長年働いていると「あの人は、アイデアマン」と言われるような人と出くわすことが多い。

創業社長でなくても、何年も働いていれば、なんらかの新しいサービスや商品を考えることは当たり前のことだろう。
商売やサービスの新規開発は、アイデアから始まると言っても過言ではない。

しかし、「アイデアを出すこと自体にどれほど価値があることか?」ということを理解していない人が少なからず存在するのもまた、ビジネスの世界の一面である。

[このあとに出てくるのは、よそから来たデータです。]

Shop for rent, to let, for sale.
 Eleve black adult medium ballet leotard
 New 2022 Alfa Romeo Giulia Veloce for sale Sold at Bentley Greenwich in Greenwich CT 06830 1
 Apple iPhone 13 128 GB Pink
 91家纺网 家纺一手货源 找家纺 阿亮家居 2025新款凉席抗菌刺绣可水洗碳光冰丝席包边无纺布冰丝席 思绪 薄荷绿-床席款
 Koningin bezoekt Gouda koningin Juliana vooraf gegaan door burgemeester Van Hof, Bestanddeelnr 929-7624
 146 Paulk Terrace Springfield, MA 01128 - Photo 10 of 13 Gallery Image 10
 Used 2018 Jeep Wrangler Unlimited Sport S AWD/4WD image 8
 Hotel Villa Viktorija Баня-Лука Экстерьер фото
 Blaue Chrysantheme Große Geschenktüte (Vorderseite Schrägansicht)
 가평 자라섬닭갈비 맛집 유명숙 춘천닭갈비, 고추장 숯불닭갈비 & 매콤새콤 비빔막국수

事業構想や商品、サービスのアイデアを考えることは楽しいし、やり甲斐がある仕事だ。
ある日突然、何かがピンと浮かんだ時、ほとんどの人は、自分のアイデアに酔いしれる。

世の中で唯一つ、自分だけが考え出したアイデアに有頂天になる。

実はこれは大きな勘違いなのである。

例えば、日本国内のビジネスだけで考えても、働いている人は何千万人といる。

仮にアイデアを出す職業、経営者に限らず事業のプランナー、企業の企画部門、商品開発部門に限っても数十万人は存在するだろう。

この数だけを考えても、唯一自分だけが考え出すことのできるアイデアなど奇跡的な確率であることは想像に難くない。

要するに、自分がアイデアを思いついたら、その瞬間に少なくとも100名は同じことを考えていると思うことが大切なのだ。

私は、アイデアを考えることに陶酔している人に遭遇すると、決まって、この言葉を伝えるようにしている。
働き始めて20年以上、また自分で事業を始めて14年、これは結構当たっていると日々実感する。

それでは「アイデアを出すことは意味がないのか?」という疑問も生じる。
ネガティブに考えがちの人はそう考えるだろう。

実際は全く逆だ。
アイデアを出すこと自体は重要なこと。

新しいことを生み出す第一歩なのである。

しかし、アイデアを出すこと自体は手段に過ぎない。

目的を考えれば、ほんの第一歩に過ぎないのだ。

それを実行に移すことが一番重要。

ところがビシネスにおいて、アイデアだけで実行に移さない人がどれだけ多いことか。

加えて、成功するための条件としては、一度始めたら、そうそう簡単にあきらめないことである。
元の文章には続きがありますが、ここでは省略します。